Using Big Data to Monitor the Introduction and Spread of Chikungunya, Europe, 2017

Joacim Rocklöv; Yesim Tozan; Aditya Ramadona; Maquines O. Sewe; Bertrand Sudre; Jon Garrido; Chiara Bellegarde de Saint Lary; Wolfgang Lohr; Jan C. Semenza


Emerging Infectious Diseases. 2019;25(6):1041-1049. 

In This Article

Abstract and Introduction


With regard to fully harvesting the potential of big data, public health lags behind other fields. To determine this potential, we applied big data (air passenger volume from international areas with active chikungunya transmission, Twitter data, and vectorial capacity estimates of Aedes albopictus mosquitoes) to the 2017 chikungunya outbreaks in Europe to assess the risks for virus transmission, virus importation, and short-range dispersion from the outbreak foci. We found that indicators based on voluminous and velocious data can help identify virus dispersion from outbreak foci and that vector abundance and vectorial capacity estimates can provide information on local climate suitability for mosquitoborne outbreaks. In contrast, more established indicators based on Wikipedia and Google Trends search strings were less timely. We found that a combination of novel and disparate datasets can be used in real time to prevent and control emerging and reemerging infectious diseases.

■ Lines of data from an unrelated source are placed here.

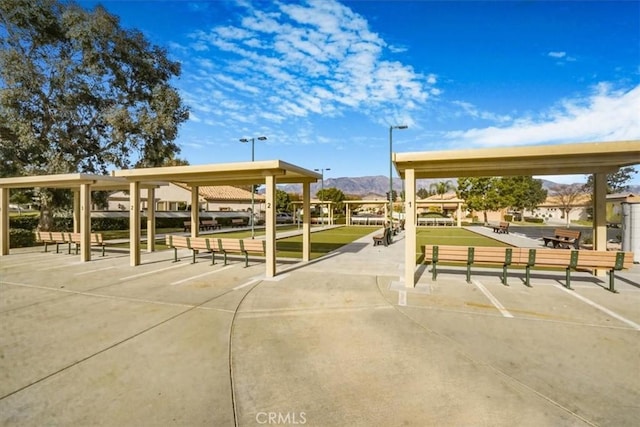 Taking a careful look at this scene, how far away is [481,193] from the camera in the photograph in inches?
1868

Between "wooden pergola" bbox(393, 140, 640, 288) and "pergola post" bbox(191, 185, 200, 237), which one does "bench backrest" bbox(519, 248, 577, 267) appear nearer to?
"wooden pergola" bbox(393, 140, 640, 288)

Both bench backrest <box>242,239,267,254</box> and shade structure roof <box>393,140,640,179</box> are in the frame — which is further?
bench backrest <box>242,239,267,254</box>

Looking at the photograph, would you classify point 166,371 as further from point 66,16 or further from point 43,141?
point 66,16

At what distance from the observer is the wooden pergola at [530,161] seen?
718 cm

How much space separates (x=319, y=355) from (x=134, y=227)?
969 cm

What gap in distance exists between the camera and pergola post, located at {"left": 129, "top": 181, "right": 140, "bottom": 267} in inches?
438

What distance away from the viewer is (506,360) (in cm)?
427

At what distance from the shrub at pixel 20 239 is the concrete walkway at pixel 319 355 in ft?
36.0

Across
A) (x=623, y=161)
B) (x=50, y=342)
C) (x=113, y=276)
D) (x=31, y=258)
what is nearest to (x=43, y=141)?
(x=31, y=258)

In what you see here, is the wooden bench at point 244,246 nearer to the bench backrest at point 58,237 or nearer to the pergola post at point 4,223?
the bench backrest at point 58,237

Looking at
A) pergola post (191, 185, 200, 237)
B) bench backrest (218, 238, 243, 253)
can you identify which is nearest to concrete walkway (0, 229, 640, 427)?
bench backrest (218, 238, 243, 253)

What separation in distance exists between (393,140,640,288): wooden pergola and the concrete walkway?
1749 millimetres

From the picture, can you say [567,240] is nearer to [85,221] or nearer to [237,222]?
[85,221]

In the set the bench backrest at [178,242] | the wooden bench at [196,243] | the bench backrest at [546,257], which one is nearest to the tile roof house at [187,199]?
the bench backrest at [178,242] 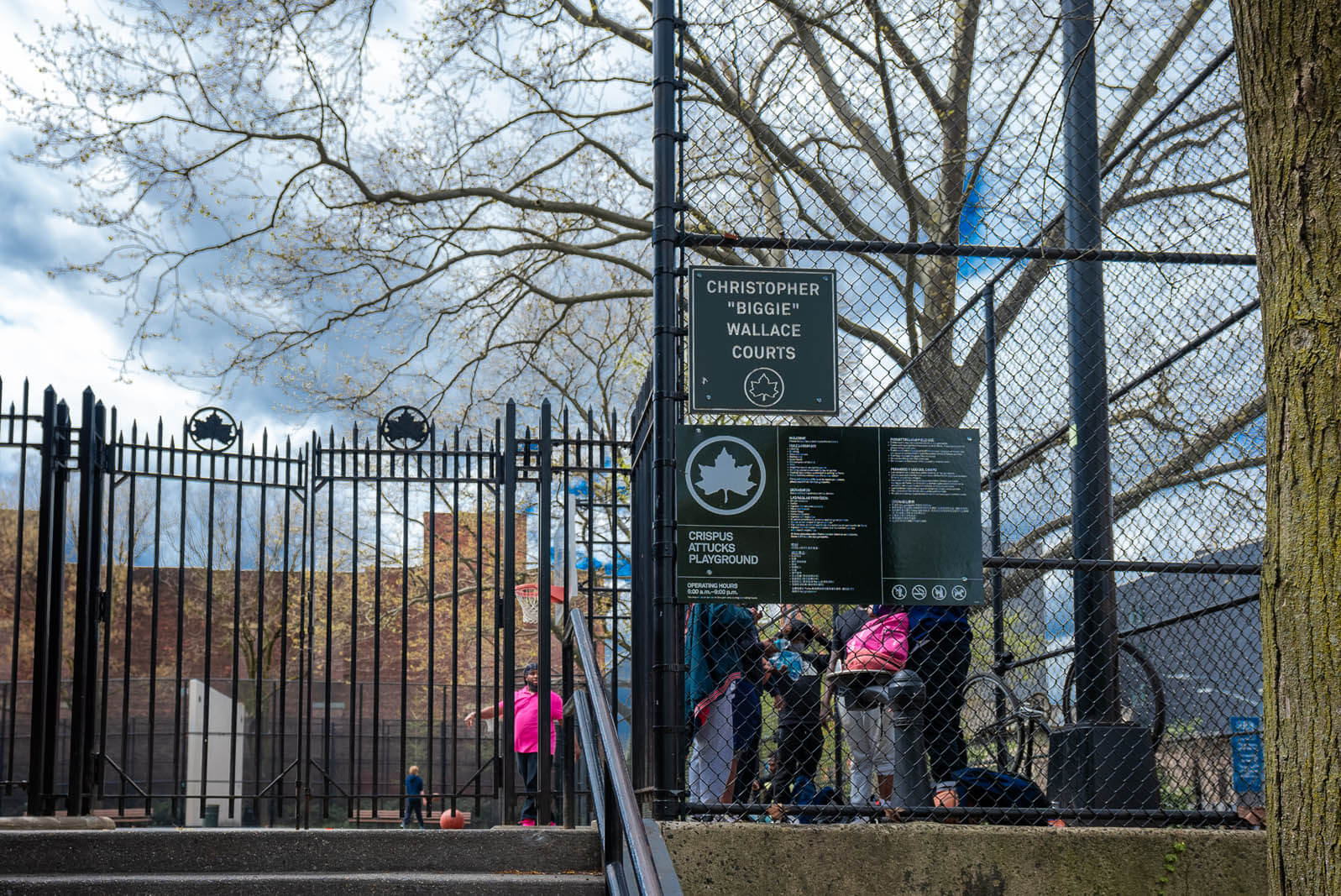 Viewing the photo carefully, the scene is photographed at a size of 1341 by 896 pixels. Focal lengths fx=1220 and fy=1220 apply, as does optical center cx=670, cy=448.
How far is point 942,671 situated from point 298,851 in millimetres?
2922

Many sectors of society have taken full advantage of new opportunities provided by big data, but public health has not.[1] Although electronic health records have long been used in surveillance, novel applications of big data are rare. Internet search query data from Google or Wikipedia have been applied to anticipate influenza epidemics but are hampered by several limitations, including specificity and granularity.[2–4] More recently, crowdsourcing of symptoms through emails, text messages, or tweets has been explored, and outbreaks have been tracked by scanning high-volume surveillance systems.[5,6] However, when it comes to fully harvesting the potential of big data, public health still lags behind other fields. Using chikungunya as a case study, we illustrate how big data can help tackle emerging infectious diseases through prevention, detection, and response.

A key driver of the emergence and spread of vectorborne diseases is human mobility,[7–10] yet little is known about the epidemiologic consequences of mobility patterns at different spatial scales within the context of vectorborne diseases. A main obstacle to studying the complex interactions between human hosts, pathogens, and vectors has been the limited availability of spatiotemporal datasets for analyzing human mobility patterns. Prior research relied on low-resolution mobile phone records, such as call and messaging logs from mobile phone networks,[11–13] for which biases were notable.[14,15] Furthermore, use of mobile phone data for tracking human mobility is likely to be fraught with privacy concerns and data access restrictions.[15]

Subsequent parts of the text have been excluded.